Franz von Baaders Weg philosophischer Gotteserkenntnis
Der Schritt zum göttlichen Du*
Die erste wie die zweite Stufe des erinnernden Rückweges vom Cogito führen in sich selbst zu einem Selben und Dritten: zum unbedingten Du. Die eigentümliche Gestimmtheit des „Allgemeinen“, das die erste, und der „Ursache“, welche die zweite Stufe freilegten, weist an sich in eine der „Göttlichkeit“ Gottes entgegengesetzte Richtung. Bei Baader sind beide „Begriffe“ und ist ihre neutrale Temperatur indessen anfänglich aufgehoben und umgewendet, weil ihr Fundort, der betroffene Selbstvollzug des Menschen, sie als „Mitteilung“ verdanken läßt; ihr „sachlicher“ Charakter entspringt also sekundär aus dem absolut ursprünglichen des Selbstseins: menschliches Selbstsein artikuliert sich in ihnen als Mitsein und dieses als die Zueignung, das Ereignis, der Aufgang des hinmit göttlichen Du.

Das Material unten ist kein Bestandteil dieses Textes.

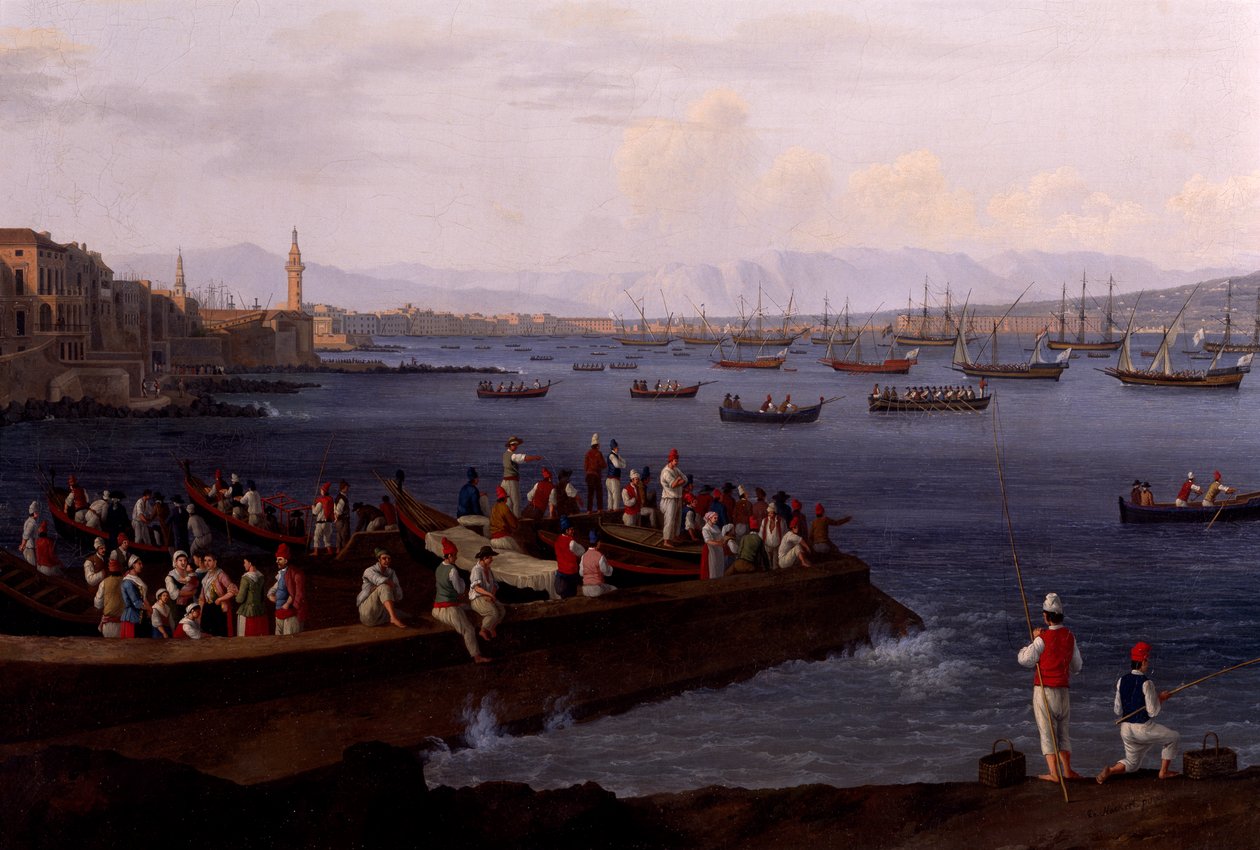 Die Bucht von Neapel bei Santa Lucia, zeigt die Rückkehr der Flotten aus Algier von Jacob Philippe Hackert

Die dritte Stufe, in den beiden ersten schon eingeschlossen und mitbedacht, vollzieht ausdrücklich den Schritt von der dialogischen Grundbestimmung menschlicher Ursprünglichkeit zum Ereignis des sie gründenden Dialogs. Für Baader ist „eine Person in abstracto, d. h. ohne Bezug auf eine oder mehrere andere Personen nicht denkbar“ (I, 132), „da das eigentliche Nicht-Ich in keine Opposition mit dem Ich tritt“ (IX, 102).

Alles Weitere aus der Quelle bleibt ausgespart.